“All men are equal before fish” – Herbert Hoover
Cryptozoological aficionados are primarily concerned with capturing an elusive, semi-mythical beast in the flesh. This is short-sighted. Once you have snared your quarry, the more important question is how you cook it.
Consider the infamous coelacanth. The “living fossil” that is the coelacanth has been around for roughly 420 million years, and was thought to have gone extinct about 66 million years ago, until it was rediscovered (or rather recognized by the scientific set as still lurking about in the ocean depths) when it started turning up in fishing nets while some guy in a lab coat was around off the coast of South Africa in 1938. Between about 1938-1975 at least 84 of these fish were caught and recorded off south and east Africa, with an Indonesian variety appearing in the 1990’s. Coelacanths are what they call nocturnal piscivorous drift-hunters. That is, they sleep in underwater caves all day, and aimlessly drift about at night, eating whatever fish stumble into their path. When you’ve been around for 400 million years, you learn the art of low-effort.

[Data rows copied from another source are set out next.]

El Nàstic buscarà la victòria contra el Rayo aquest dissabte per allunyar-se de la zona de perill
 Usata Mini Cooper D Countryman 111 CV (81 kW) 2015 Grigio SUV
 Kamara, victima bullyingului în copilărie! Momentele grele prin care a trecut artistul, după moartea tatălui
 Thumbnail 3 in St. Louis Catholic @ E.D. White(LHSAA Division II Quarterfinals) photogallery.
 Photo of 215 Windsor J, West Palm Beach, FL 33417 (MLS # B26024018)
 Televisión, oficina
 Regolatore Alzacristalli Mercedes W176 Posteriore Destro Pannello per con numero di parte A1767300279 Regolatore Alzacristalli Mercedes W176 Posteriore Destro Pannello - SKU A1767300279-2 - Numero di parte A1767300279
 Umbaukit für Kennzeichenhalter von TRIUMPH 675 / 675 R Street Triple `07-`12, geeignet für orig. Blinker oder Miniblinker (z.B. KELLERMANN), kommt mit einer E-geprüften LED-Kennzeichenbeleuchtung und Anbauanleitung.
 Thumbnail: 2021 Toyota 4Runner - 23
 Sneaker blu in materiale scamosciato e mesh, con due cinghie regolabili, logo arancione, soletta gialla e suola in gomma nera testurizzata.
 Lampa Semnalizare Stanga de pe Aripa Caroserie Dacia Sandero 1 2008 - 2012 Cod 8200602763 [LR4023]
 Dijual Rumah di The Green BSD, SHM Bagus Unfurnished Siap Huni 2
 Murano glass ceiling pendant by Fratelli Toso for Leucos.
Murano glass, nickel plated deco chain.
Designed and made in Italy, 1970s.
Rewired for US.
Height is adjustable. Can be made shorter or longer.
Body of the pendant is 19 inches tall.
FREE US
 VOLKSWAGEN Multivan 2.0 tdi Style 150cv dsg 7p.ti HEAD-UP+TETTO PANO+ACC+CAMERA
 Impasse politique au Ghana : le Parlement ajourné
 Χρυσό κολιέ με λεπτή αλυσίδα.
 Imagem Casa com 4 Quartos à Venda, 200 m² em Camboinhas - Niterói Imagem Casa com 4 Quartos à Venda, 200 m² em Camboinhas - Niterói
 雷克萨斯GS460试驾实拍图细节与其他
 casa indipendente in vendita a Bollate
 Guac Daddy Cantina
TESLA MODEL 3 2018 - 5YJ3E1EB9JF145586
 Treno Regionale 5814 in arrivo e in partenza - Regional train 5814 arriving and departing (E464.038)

And while science only recognized that these critters were not actually extinct as of 1938, it seems fisherman local to their habitats were abundantly familiar with them. So familiar, in fact, that they knew how to make a meal out of them. Pre-eminent cryptozoologist Ivan Sanderson, in reference to ichthyologist James Smith’s 1938 coelacanth-hunting in South Africa, once observed, “There were indications that the native population in this part of the world had fished for and eaten these ‘living fossils’ for several generations. Although not a common item in native diets, there is no doubt that, while Professor Smith dreamed of finding a second coelacanth, a dozen or more had probably been served and eaten” (Sanderson, 1961, p15). Fisherman off the Comoro Islands, Madagascar, and Mozambique colloquially referred to coelacanth as gombessa (“worthless”) due to the fact that it secreted gallons of oily mucous, and would often ruin the rest of the catch, which makes it even more puzzling that it’s 1938 rediscovery happened when it was found in a pile of other fish headed for the market.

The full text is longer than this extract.